**Task to carry out**
Images don't belong in the copy. Output the rest of the data exactly.

**Collected data**
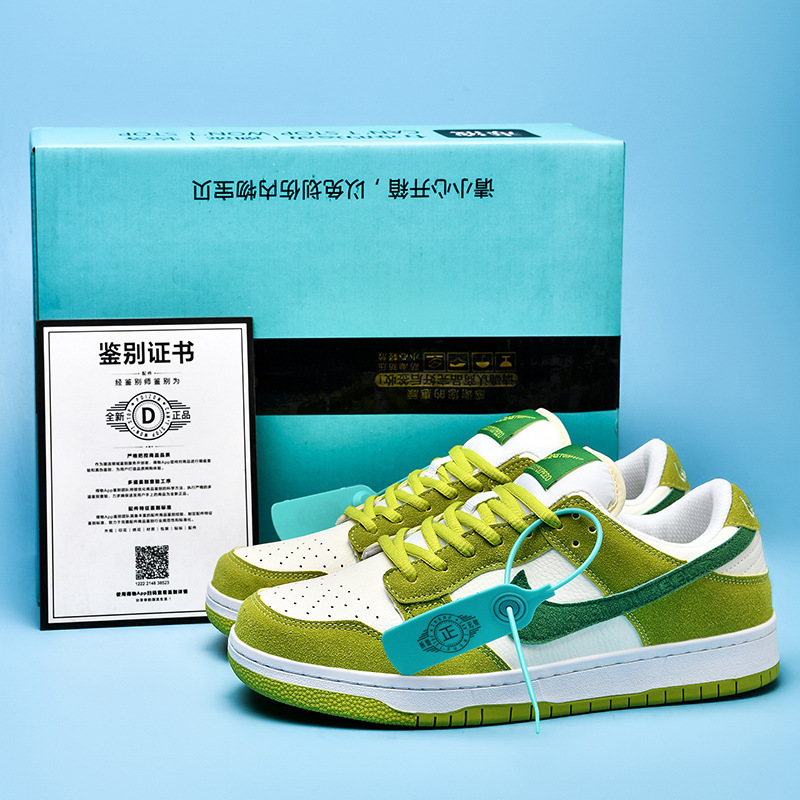 靴の女性の夏の通気性のAJの女性靴の莆田の規格品のaj1の女性靴の空軍の1号の女性の運動の低い板の靴|undefined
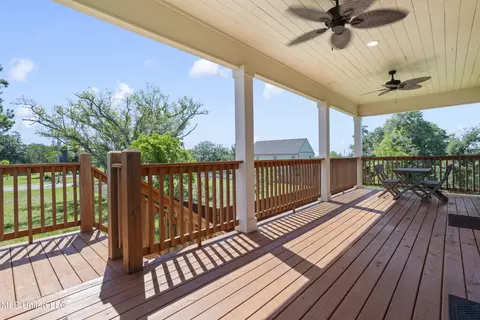 Exterior - 112 Pitcher Pt, Long Beach, MS 39560 photo 2 of 11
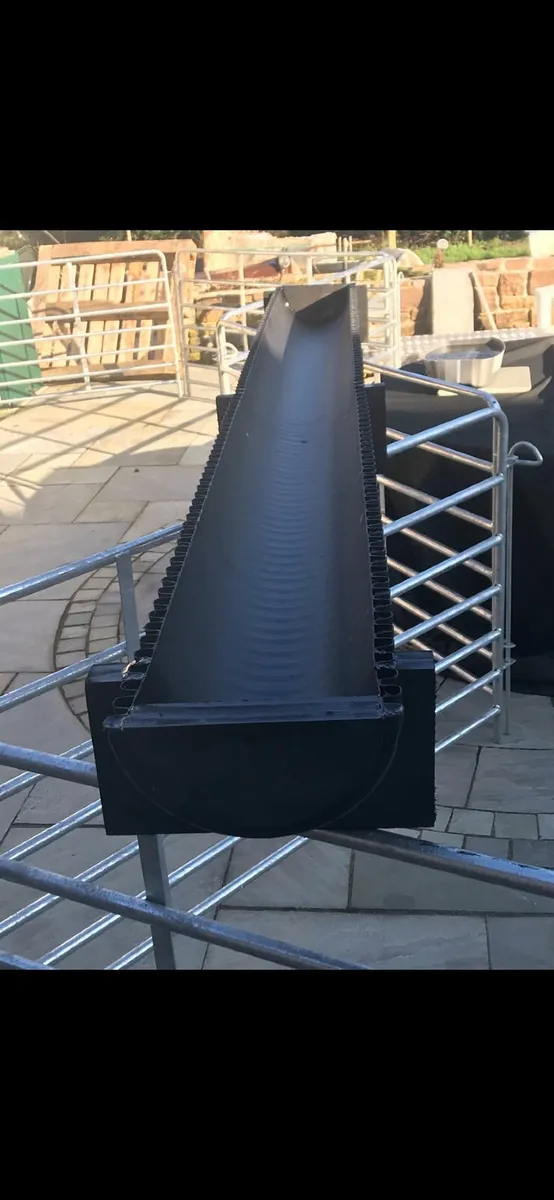 Sheep/calf trough - Image 2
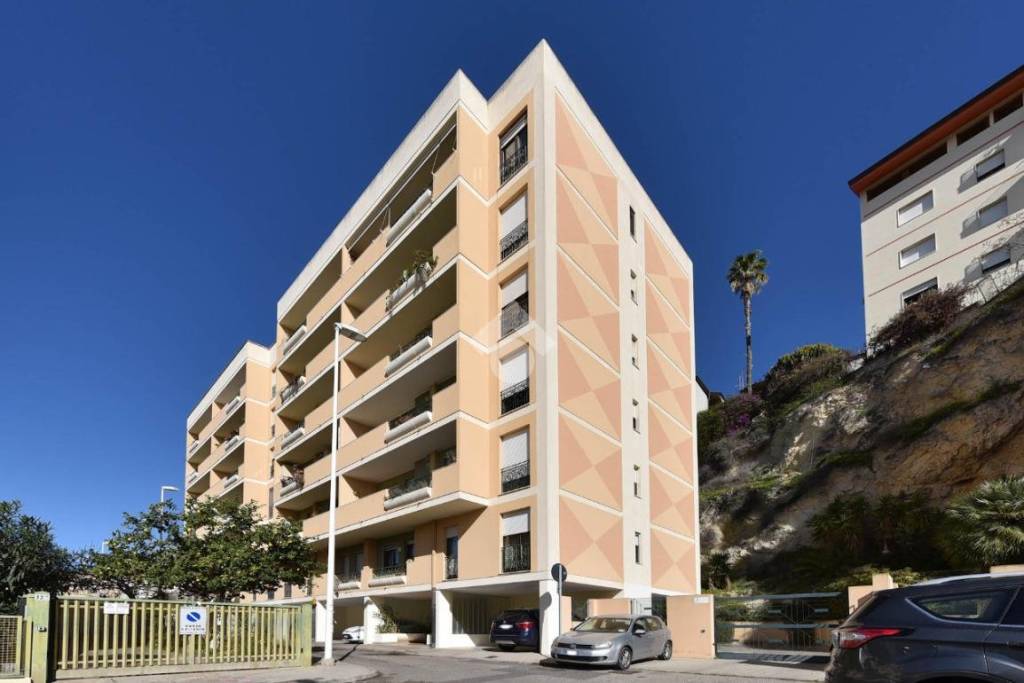 appartamento in vendita a Cagliari in zona Bonaria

**Completed task**
 靴の女性の夏の通気性のAJの女性靴の莆田の規格品のaj1の女性靴の空軍の1号の女性の運動の低い板の靴|undefined
 Exterior - 112 Pitcher Pt, Long Beach, MS 39560 photo 2 of 11
 Sheep/calf trough - Image 2
 appartamento in vendita a Cagliari in zona Bonaria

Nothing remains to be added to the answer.